CHICAGO—This fall, the School of the Art Institute of Chicago (SAIC), a global leader in art and design education, will host a distinguished lineup of visiting artists who exemplify the boundary-blurring nature of contemporary art. Beginning in September, SAIC’s Visiting Artists Program lecture series will feature a diverse group of artists including: contemporary painter Laura Owens, whose survey at the Whitney Museum of American Art will open this fall; SAIC alum and filmmaker Apichatpong Weerasethakul; Do Ho Suh, who is best known for his fabric sculptures that reconstruct the scale of his former homes; and fashion designer Gareth Pugh. The fall season kicks off on September 12.

This spring, SAIC will present the following visiting artists:

  • Laura Owens, SAIC’s 2017–18 Bill and Stephanie Sick Distinguished Visiting Professor, is internationally renowned for her innovative approaches to painting. She utilizes and combines techniques such as silk screening, intuitive painterly gestures, bright color fields, photorealism and the integration of appropriated imagery into any given project. Owens’ forthcoming survey at the Whitney Museum of American Art, New York, will open in November. Her work has been presented in exhibitions at the CCA Wattis Institute for Contemporary Arts, San Francisco (2016); Secession, Vienna (2015); Museum of Modern Art, New York (2014) and Museum of Contemporary Art, Los Angeles (2003), among other venues. As part of her visiting professorship, Owens will co-teach a course in SAIC’s Painting and Drawing department in the spring of 2018 with Associate Professors Scott and Tyson Reeder.

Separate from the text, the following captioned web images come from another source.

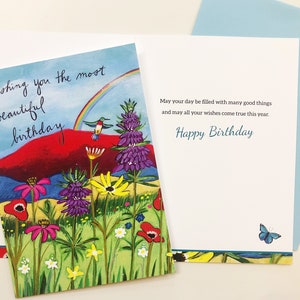 Greeting Card : Beautiful Birthday image 1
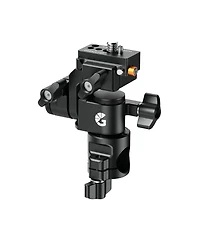 Bright Tangerine 15mm Universal Monitor Mount with Quick Release Nato Rail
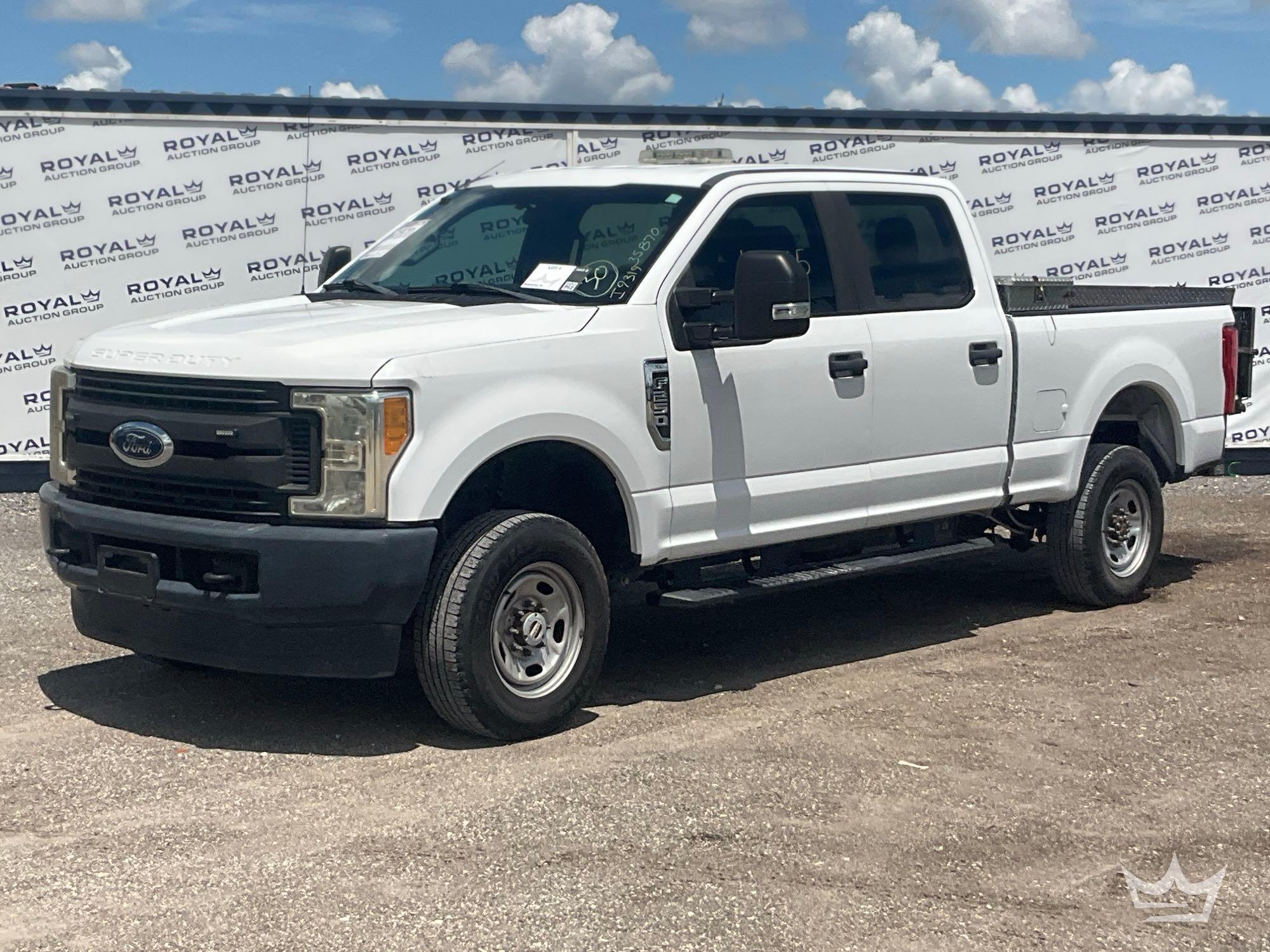 2017 Ford F-250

  • Apichatpong Weerasethakul (MFA 1998, HON 2011) is an award-winning filmmaker and is recognized as one of the most original voices in contemporary cinema. Lyrical and often fascinatingly mysterious, his nonlinear films deal with memory and in subtle ways invoke personal politics and complex social issues. Working independently of Thailand’s commercial film industry, he devotes himself to promoting experimental and independent filmmaking. Weerasethakul’s six feature films, short films and installations have gained widespread international recognition and numerous awards, including the Cannes Palme d’Or in 2010 for Uncle Boonmee Who Can Recall His Past Lives. His Tropical Malady won the Cannes Competition Jury Prize in 2004 and Blissfully Yours won the Cannes Un Certain Regard Award in 2002. His survey exhibition Apichatpong Weerasethakul: The Serenity of Madness curated by Gridthiya Gaweewong (MA 1996) will be on view in SAIC’s Sullivan Galleries September 16–December 8.

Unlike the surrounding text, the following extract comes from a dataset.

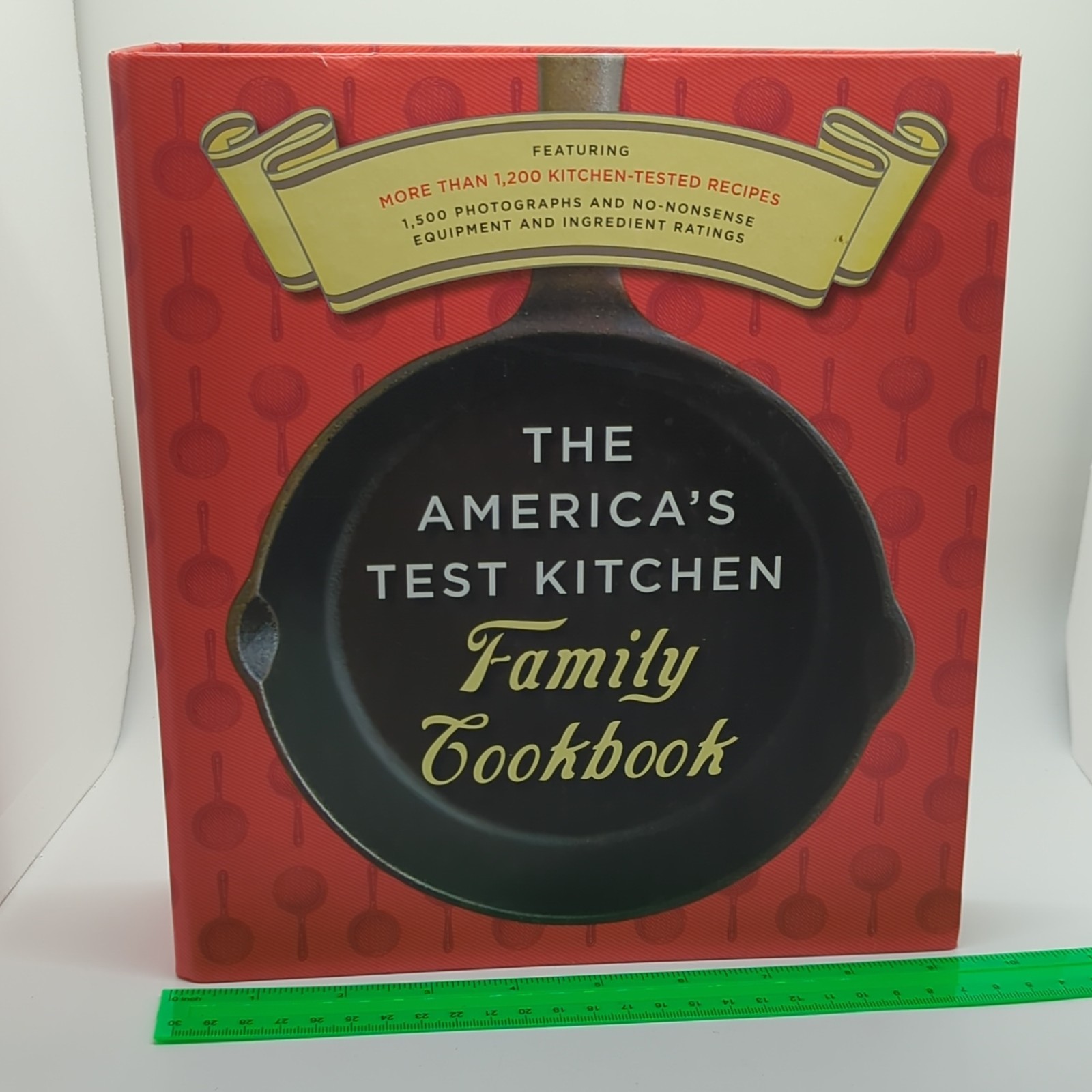 America&rsquo;s Test Kitchen Family Cookbook Ring/Wire Bound 2006 Illustrated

  • Do Ho Suh works across various media, creating drawings, film and sculptural works that confront questions of home, physical space, displacement, memory, individuality and collectivity. Suh is best known for his fabric sculptures that reconstruct to scale his former homes in Korea, Rhode Island, Berlin, London and New York. Suh is interested in the malleability of space in both its physical and metaphorical forms and examines how the body relates to, inhabits and interacts with that space. In 2013 Do Ho Suh was named Wall Street Journal Magazine’s Innovator of the Year in Art. His work is featured in numerous international public and private collections, including the Museum of Modern Art, New York; Whitney Museum of American Art, New York; the Solomon R. Guggenheim Museum, New York; Los Angeles County Museum of Art; Walker Art Center, Minneapolis; Tate Modern, London; Leeum, Samsung Museum of Art, Seoul; Museum of Contemporary Art, Tokyo and Mori Art Museum, Tokyo.

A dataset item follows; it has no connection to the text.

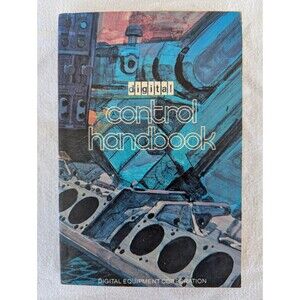 Vintage Digital Control Handbook 1970 Digital Equipment Corp 1968, 1969 C-110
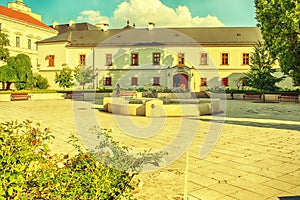 Archbishop's Palace in Eger, Hungary photo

  • Mark Dion’s practice examines the ways in which dominant ideologies and public institutions shape our understanding of history, knowledge, and the natural world. Appropriating archaeology, field ecology and other scientific methods of collecting, ordering, and exhibiting objects, Dion creates works that question the distinctions between objective and rational scientific methods versus subjective and irrational influences. Dion’s spectacular and often fantastical curiosity cabinets, modeled on wunderkammern of the 16th and 17th centuries, exalt atypical orderings of objects and specimens. Recent projects include The Amateur Ornithologist Clubhouse, a Captain Nemo-like interior constructed in a vast gas tank in Essen, Germany, and Den, a large-scale folly in Norway's mountainous landscape featuring a massive sculpture of a sleeping bear in a cave, resting on a hill of material culture from the Neolithic to the present. This October, the Institute of Contemporary Art, Boston, will host Mark Dion: Misadventures of a 21st Century Naturalist, the largest American survey to date of the artist’s work.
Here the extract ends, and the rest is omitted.